__PROBLEM DETAILS__
Please print the entries below exactly, from the line with "2023 Nissan Pathfinder SL 4WD" through the line with "Queen Vasilika Hotel Dhermi Luaran gambar", including both of those lines and leaving out all others.

Web page caption snippets
--- START ---
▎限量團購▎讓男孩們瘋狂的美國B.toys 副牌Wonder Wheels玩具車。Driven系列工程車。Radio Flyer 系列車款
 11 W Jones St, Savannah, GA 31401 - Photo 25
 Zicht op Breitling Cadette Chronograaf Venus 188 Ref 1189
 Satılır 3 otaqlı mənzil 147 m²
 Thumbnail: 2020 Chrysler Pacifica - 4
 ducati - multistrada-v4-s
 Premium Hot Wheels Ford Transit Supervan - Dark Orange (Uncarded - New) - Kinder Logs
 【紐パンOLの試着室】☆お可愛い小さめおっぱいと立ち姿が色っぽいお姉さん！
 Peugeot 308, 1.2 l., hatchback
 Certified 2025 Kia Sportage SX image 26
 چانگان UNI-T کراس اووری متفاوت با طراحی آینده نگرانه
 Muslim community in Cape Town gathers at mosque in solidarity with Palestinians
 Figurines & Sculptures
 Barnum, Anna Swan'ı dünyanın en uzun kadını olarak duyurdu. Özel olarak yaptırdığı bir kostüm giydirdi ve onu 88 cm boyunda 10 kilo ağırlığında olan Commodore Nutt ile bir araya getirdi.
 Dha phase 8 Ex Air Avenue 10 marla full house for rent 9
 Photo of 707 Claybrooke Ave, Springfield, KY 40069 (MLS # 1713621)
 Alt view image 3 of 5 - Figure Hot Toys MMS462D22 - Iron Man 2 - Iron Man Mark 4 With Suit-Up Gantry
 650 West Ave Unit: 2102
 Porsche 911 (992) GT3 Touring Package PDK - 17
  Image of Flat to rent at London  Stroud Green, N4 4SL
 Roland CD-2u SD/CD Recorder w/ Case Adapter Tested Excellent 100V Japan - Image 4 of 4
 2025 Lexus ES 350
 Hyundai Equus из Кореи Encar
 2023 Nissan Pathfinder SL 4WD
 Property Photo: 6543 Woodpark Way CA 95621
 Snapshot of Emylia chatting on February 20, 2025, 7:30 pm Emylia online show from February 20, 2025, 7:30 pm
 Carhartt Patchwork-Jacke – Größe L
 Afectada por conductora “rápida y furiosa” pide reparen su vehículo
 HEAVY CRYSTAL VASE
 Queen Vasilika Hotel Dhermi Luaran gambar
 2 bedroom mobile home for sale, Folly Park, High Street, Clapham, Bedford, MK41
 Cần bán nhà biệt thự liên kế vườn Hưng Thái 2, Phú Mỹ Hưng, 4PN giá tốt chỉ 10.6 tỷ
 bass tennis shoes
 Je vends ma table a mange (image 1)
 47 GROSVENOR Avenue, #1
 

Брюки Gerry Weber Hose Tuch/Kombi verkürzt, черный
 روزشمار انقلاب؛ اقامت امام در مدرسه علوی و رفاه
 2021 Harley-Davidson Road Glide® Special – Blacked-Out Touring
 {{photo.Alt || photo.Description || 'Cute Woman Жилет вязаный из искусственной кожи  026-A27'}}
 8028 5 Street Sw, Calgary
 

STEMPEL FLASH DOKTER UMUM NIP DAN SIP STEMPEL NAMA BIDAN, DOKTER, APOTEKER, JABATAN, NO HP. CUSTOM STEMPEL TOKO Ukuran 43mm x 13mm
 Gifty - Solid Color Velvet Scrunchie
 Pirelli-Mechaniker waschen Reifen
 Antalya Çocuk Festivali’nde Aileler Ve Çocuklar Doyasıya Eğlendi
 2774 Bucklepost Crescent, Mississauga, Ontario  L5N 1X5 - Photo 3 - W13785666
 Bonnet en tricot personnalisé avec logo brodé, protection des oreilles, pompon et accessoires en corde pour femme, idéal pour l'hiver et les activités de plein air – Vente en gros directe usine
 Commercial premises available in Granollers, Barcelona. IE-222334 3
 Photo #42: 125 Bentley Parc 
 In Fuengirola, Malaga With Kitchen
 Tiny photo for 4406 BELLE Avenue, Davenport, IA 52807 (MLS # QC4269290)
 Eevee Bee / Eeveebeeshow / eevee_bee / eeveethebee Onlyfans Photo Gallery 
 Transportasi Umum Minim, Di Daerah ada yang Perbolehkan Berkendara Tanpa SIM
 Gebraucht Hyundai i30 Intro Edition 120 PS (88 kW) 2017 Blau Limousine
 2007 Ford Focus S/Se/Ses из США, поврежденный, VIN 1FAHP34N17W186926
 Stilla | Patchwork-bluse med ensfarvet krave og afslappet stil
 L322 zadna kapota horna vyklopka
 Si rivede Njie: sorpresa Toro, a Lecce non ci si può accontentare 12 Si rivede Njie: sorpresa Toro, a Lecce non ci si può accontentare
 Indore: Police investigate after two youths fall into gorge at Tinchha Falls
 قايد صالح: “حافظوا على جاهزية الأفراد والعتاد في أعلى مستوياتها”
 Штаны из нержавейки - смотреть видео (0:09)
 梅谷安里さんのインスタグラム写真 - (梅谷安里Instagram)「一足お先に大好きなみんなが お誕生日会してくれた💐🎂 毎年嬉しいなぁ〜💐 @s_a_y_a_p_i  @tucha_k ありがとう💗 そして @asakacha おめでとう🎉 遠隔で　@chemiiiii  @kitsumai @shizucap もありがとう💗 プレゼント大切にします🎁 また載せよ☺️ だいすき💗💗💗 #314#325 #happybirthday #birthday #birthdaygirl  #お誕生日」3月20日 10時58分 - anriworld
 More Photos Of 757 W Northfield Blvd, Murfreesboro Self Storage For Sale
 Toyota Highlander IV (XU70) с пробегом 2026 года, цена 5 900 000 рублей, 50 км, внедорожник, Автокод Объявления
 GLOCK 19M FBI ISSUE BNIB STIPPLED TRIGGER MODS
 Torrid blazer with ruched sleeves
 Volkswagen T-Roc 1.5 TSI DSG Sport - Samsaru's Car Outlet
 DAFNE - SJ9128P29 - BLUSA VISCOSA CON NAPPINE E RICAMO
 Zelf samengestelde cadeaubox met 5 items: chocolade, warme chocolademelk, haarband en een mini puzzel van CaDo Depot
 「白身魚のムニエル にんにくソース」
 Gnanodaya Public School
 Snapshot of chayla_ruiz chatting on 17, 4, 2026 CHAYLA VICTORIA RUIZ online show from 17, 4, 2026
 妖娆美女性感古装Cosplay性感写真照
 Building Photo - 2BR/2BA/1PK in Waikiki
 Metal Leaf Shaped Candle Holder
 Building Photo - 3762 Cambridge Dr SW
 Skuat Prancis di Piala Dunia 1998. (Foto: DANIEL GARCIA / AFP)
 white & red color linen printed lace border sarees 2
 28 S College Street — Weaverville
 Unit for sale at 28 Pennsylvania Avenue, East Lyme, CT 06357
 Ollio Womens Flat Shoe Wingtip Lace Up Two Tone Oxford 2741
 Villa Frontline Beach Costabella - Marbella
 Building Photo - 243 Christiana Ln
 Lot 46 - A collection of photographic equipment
--- END ---
__ANSWER TO THIS PROBLEM__
 2023 Nissan Pathfinder SL 4WD
 Property Photo: 6543 Woodpark Way CA 95621
 Snapshot of Emylia chatting on February 20, 2025, 7:30 pm Emylia online show from February 20, 2025, 7:30 pm
 Carhartt Patchwork-Jacke – Größe L
 Afectada por conductora “rápida y furiosa” pide reparen su vehículo
 HEAVY CRYSTAL VASE
 Queen Vasilika Hotel Dhermi Luaran gambar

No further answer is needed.